- [Your goal]:
Provide an exact copy of the data, excluding the images.
** The data follows **
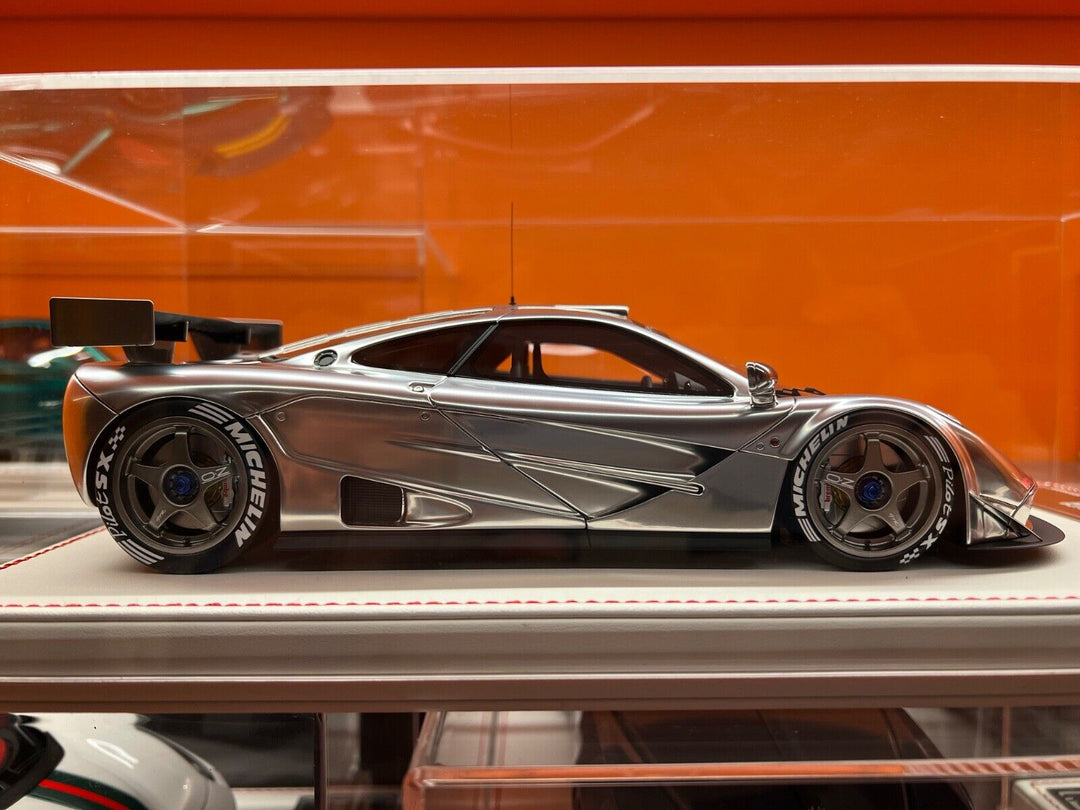 McLaren F1 GTR (Chrome) [Davis & Giovanni] 1/18 scale
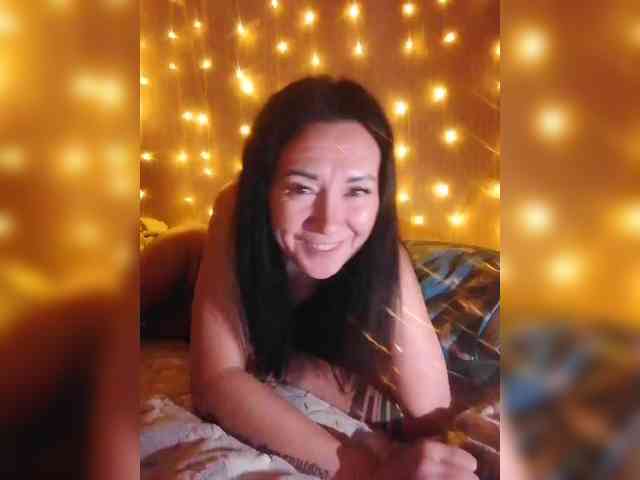 Karolina_Milf webcam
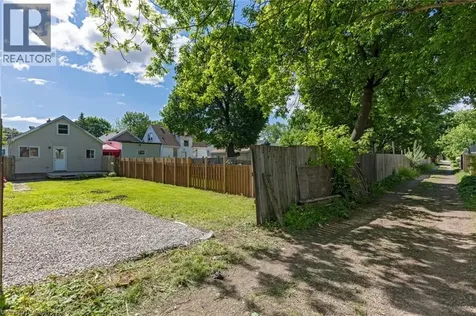 92 East 24th Street Hamilton ON L8V 2Y1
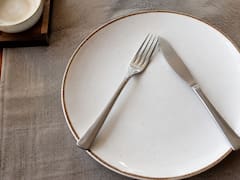 Qué significa dejar los cubiertos en forma de triángulo sobre el plato y cuándo hacerlo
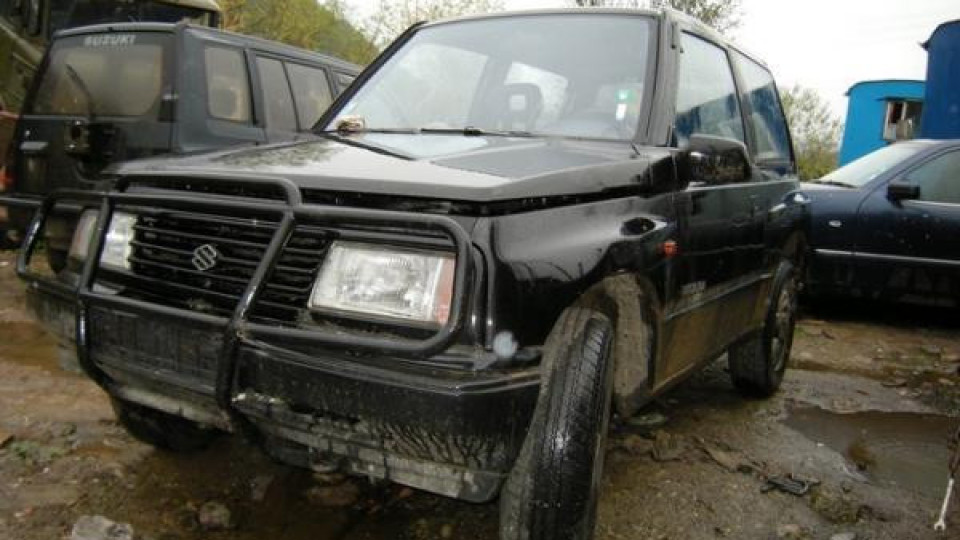Полицейска акция срещу автокрадеца Текезара в Ботевград (СНИМКИ) Полицейска акция срещу автокрадеца Текезара в Ботевград (СНИМКИ)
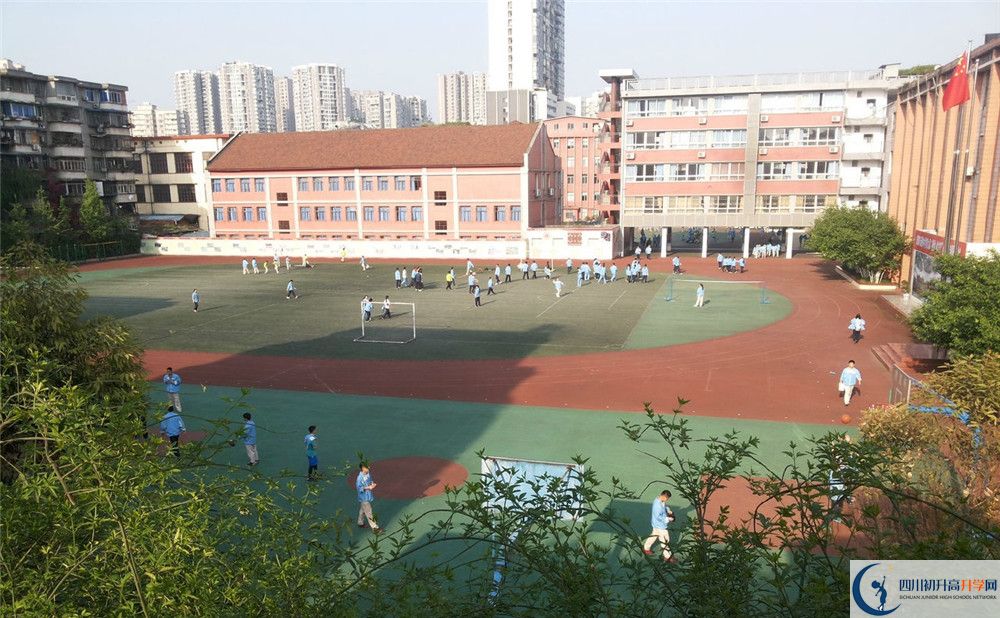 通錦中學(xué)的地址怎么走？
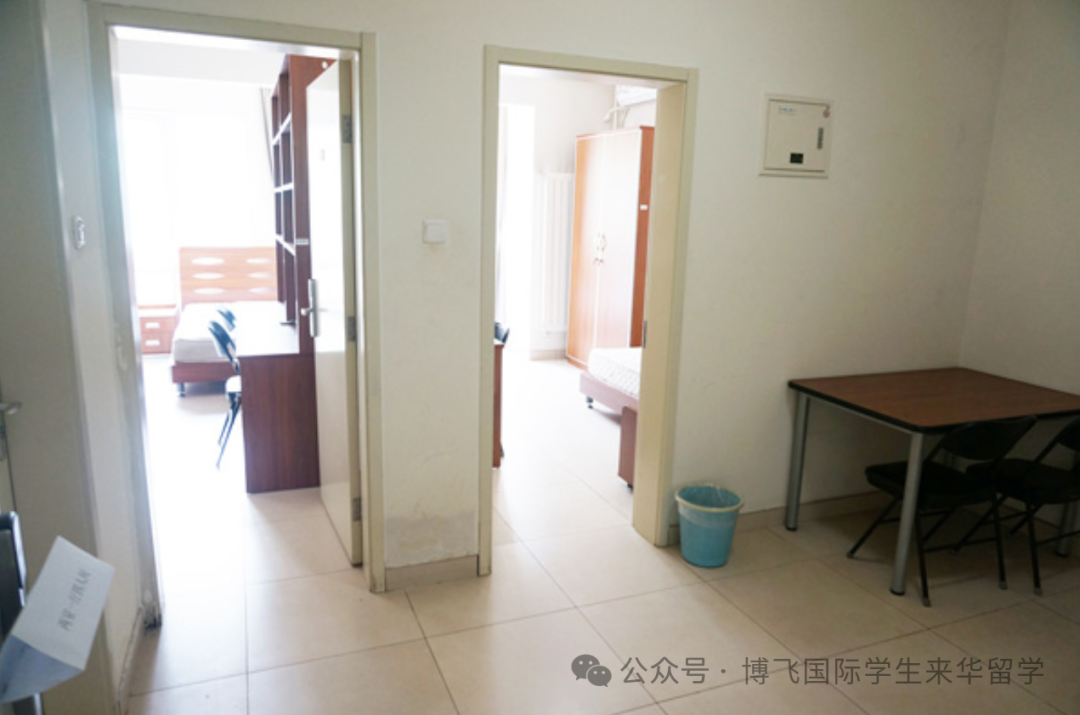 宿舍照片:80元每人每天80rmb per person per day价格 cost:one suit
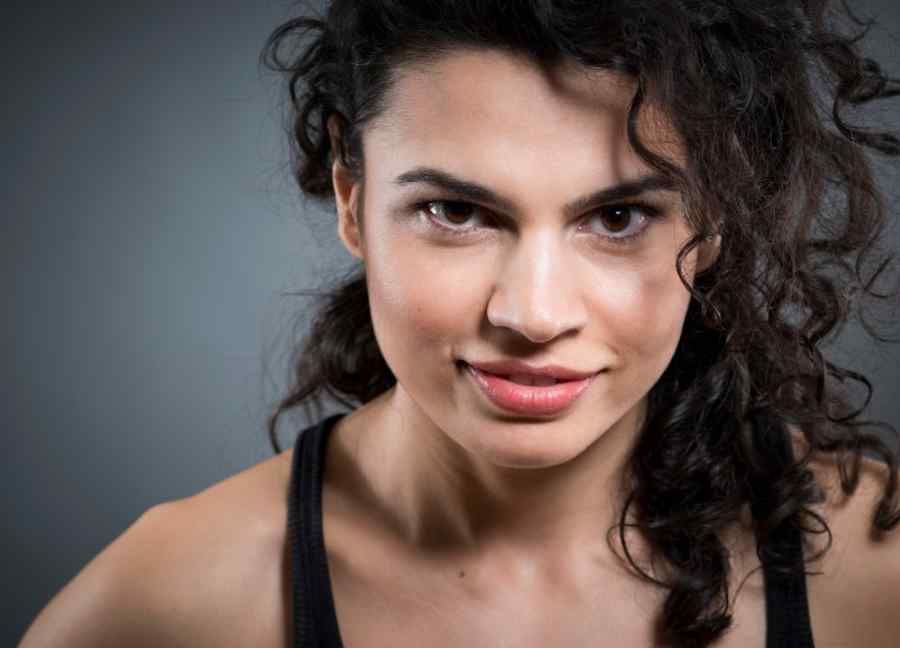„Declar pe propria răspundere” de Alina Şerban, la ICR Londra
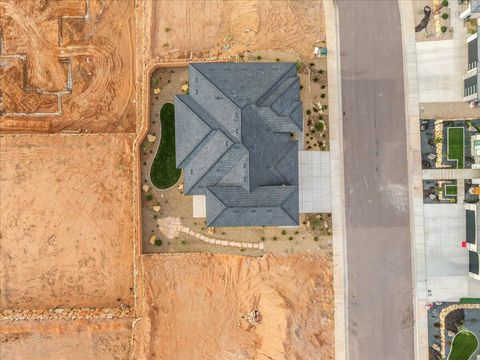 Tiny photo for 2072 S Pony Way, Washington, UT 84780 (MLS # 26-271850)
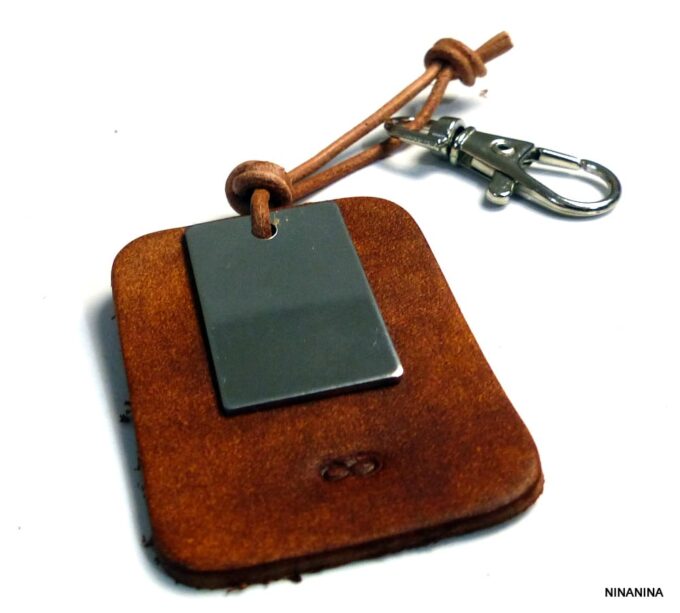 N5368b porte clé homme cuir plaque acier inoxydable gravé sigle infini
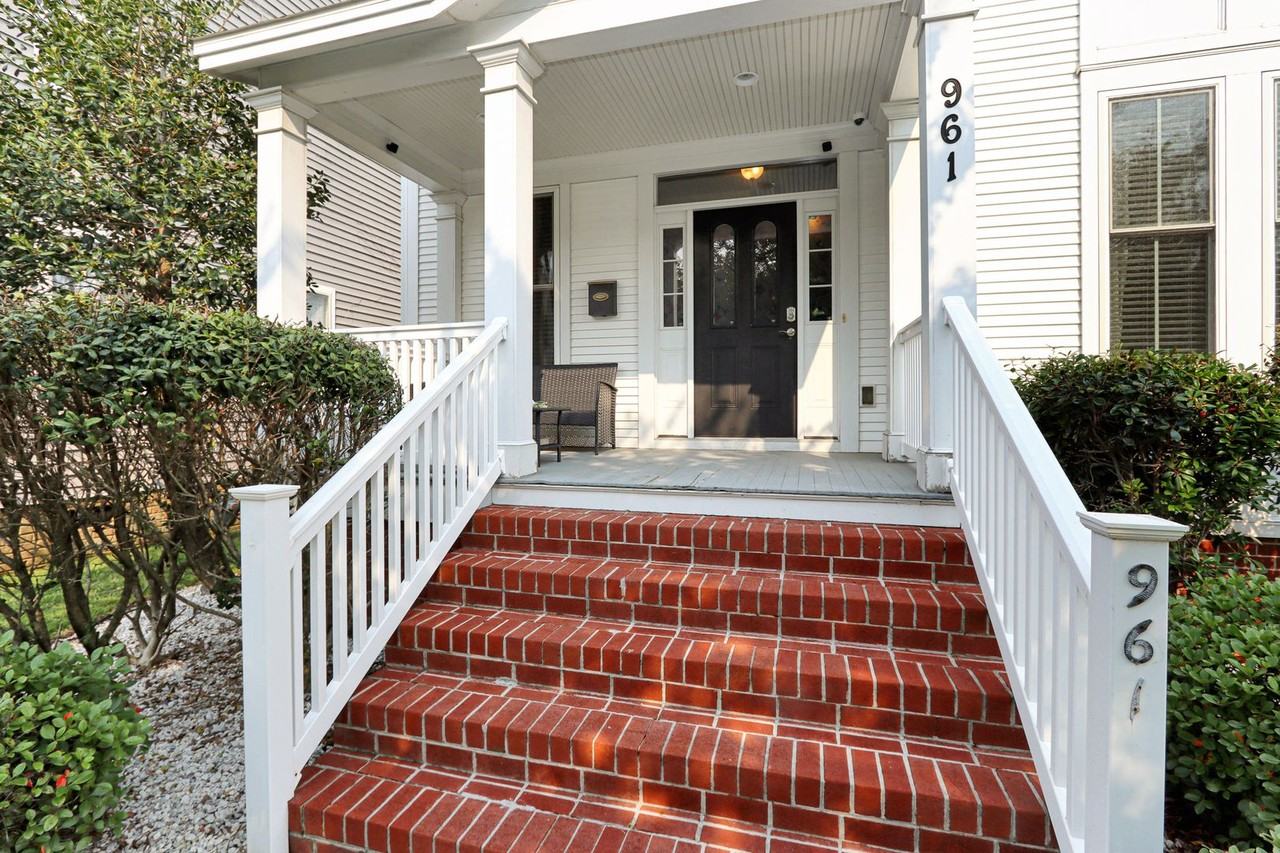 961 Maltby Ave - Photo 2 of 28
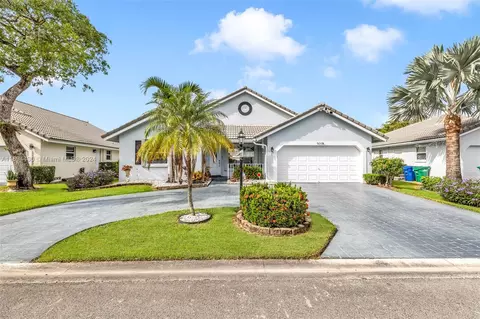 5316 Pine Cir, Coral Springs, FL 33067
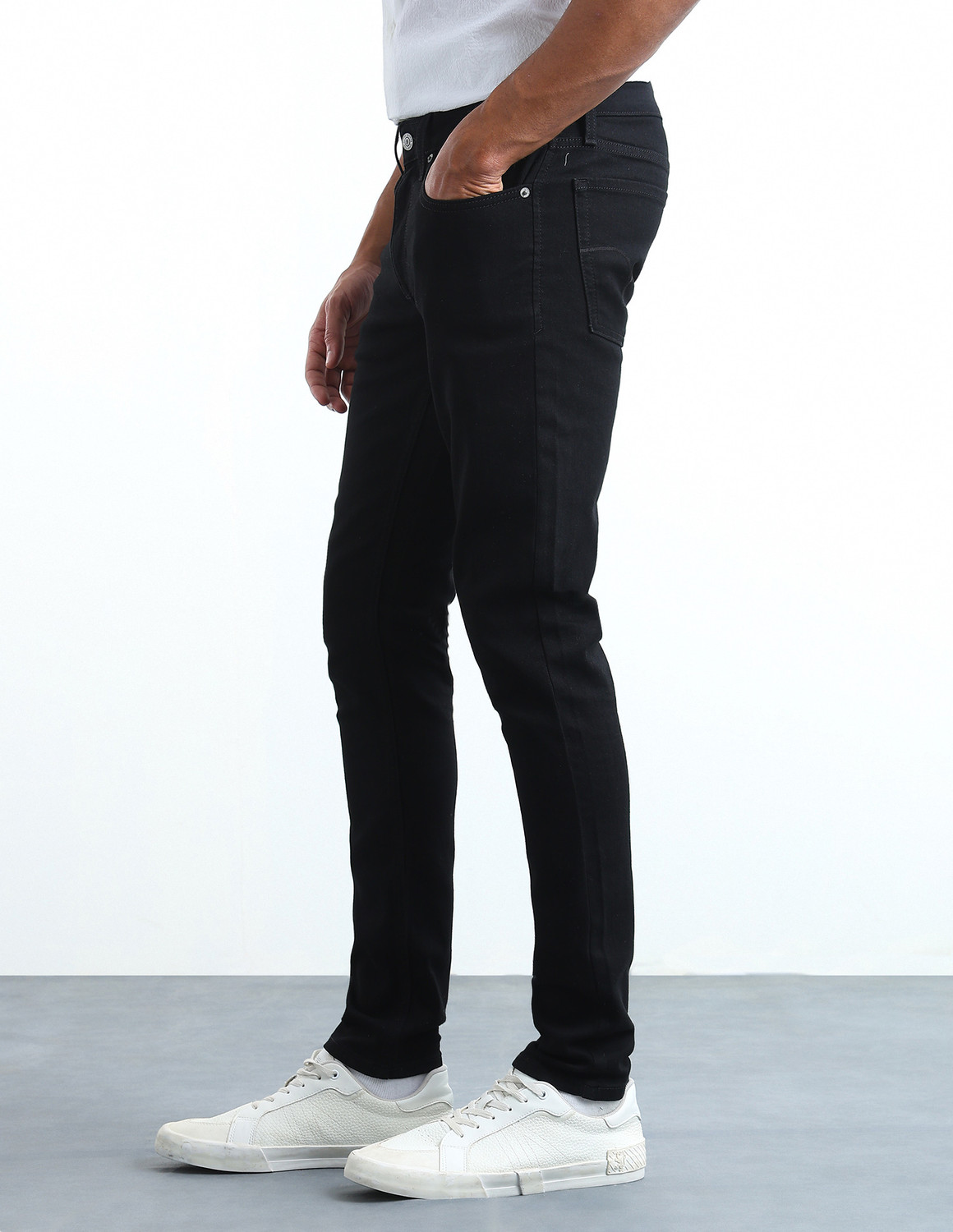 Image of FLYING MACHINE Men Skinny Mid Rise Black Jeans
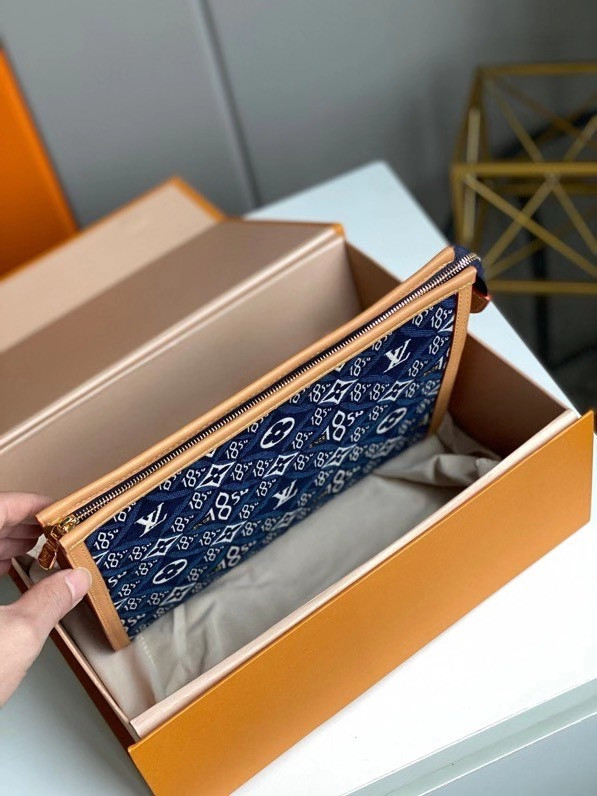 l**is V*t*n since 1854 toiletry pouch 26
** End of The data **
- [Reply]:
 McLaren F1 GTR (Chrome) [Davis & Giovanni] 1/18 scale
 Karolina_Milf webcam
 92 East 24th Street Hamilton ON L8V 2Y1
 Qué significa dejar los cubiertos en forma de triángulo sobre el plato y cuándo hacerlo
Полицейска акция срещу автокрадеца Текезара в Ботевград (СНИМКИ) Полицейска акция срещу автокрадеца Текезара в Ботевград (СНИМКИ)
 通錦中學(xué)的地址怎么走？
 宿舍照片:80元每人每天80rmb per person per day价格 cost:one suit
„Declar pe propria răspundere” de Alina Şerban, la ICR Londra
 Tiny photo for 2072 S Pony Way, Washington, UT 84780 (MLS # 26-271850)
 N5368b porte clé homme cuir plaque acier inoxydable gravé sigle infini
 961 Maltby Ave - Photo 2 of 28
 5316 Pine Cir, Coral Springs, FL 33067
 Image of FLYING MACHINE Men Skinny Mid Rise Black Jeans
 l**is V*t*n since 1854 toiletry pouch 26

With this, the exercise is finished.